A lei tem dois nefastos resultados: Depressão e orgulho. A lei é impotente, diz o que você deve fazer, mas não lhe dá força para vencer. Paulo afirma: “Eu não conhecera pecado, até que a lei me disse: não cobiçarás!” A Lei demonstrou o pecado, mas não tirou a cobiça do coração de Paulo.

Por que não me envergonho do Evangelho?

1 Reconheço que o Evangelho é o poder de Deus – Ele transforma a natureza humana. “Deus pode transformar qualquer pessoa, em qualquer situação, inclusive você!”

2. Ele muda meu status diante de Deus – Por meio da cruz, Deus me justifica, ele me declara justo. Justificação é um termo forense, da justiça. É uma declaração de que sou absolvido de minhas culpas e pecados. Cristo levou sobre si a minha culpa e vergonha. Quando olho para a graça compreendo que sou mais pecador do que jamais acreditei, mas sou mais aceito e amado do que jamais pensei. Por meio de Jesus, Deus me liberta da ira vindoura, e me declara justo! Não é maravilhoso!?
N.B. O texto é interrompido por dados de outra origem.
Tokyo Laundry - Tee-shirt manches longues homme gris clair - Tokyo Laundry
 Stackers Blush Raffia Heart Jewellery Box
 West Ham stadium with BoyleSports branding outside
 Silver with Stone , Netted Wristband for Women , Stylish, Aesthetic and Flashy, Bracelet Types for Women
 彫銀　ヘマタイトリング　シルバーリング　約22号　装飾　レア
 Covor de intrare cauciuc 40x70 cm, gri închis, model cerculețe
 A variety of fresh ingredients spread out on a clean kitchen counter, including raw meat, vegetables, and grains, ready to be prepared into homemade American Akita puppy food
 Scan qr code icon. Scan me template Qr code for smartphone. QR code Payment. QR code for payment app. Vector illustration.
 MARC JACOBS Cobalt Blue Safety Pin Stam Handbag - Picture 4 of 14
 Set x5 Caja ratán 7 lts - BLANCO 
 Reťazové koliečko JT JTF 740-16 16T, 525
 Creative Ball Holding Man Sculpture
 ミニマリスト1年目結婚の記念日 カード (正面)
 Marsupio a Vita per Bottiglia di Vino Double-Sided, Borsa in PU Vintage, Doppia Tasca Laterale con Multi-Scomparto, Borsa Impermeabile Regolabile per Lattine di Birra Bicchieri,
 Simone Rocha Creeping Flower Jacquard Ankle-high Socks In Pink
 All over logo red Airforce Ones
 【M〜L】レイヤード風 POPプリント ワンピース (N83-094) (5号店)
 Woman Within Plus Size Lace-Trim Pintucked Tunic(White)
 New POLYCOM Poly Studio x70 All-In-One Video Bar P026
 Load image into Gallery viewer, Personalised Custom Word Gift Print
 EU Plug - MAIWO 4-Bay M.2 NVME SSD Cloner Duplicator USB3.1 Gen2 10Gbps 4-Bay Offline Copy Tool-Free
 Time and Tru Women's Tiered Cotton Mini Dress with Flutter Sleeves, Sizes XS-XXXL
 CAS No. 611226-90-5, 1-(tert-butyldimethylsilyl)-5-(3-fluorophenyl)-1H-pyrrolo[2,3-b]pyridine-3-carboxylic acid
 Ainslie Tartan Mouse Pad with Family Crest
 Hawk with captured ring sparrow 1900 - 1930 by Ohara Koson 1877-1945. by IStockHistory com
3. Ele possui um alcance cósmico. Não apenas para o judeu, mas também para o gentio, do qual eu faço parte. “Todo aquele que invocar o nome do Senhor será salvo” (Rm 10.9-13).

4. Ele é a base da minha justiça – “O justo viverá pela fé”, não pela performance. Em Romanos 4 Paulo explica que Abraão creu e isto lhe foi “imputado” por Jesus. Abraão não tinha na sua natureza intrínseca esta justiça, mas Deus lhe atribuiu, por meio da fé. E mais ainda, não apenas lhe perdoou, zerando a conta devedora e “não atribuindo iniquidade”, e Davi muito se regozijou em saber isto, mas ainda lhe concedeu saldo, atribuindo justiça. Entro com saldo devedor e saio com saldo positivo.

Lovelace: “Apenas uma fração de cristãos professos está se apropriando substancialmente da obra de cristo”. Você é aceito apossando-se de toda justiça extraordinária de cristo. Não obedeço, logo sou aceito, mas sou aceito, portanto, obedeço!

5.      Porque apenas o evangelho me pode dar gloria – ao olhar para dentro do meu coração, sinto-me assustado e me desespero. “Miserável homem que sou, quem me livrará o corpo desta morte?”. Quando olho para fora, torno-me cínico e incrédulo “não há justo, nem sequer um, não há quem entenda, não há quem busque a Deus”, mas quando olho para cruz, minha esperança renasce. “Justificado, pois, pela fé, temos paz com Deus” (Rm 5.1).

Por isto os puritanos afirmavam que “cada vez que olharmos para dentro de nós, devemos olhar 10 vezes para a cruz”. Ali está a minha glória.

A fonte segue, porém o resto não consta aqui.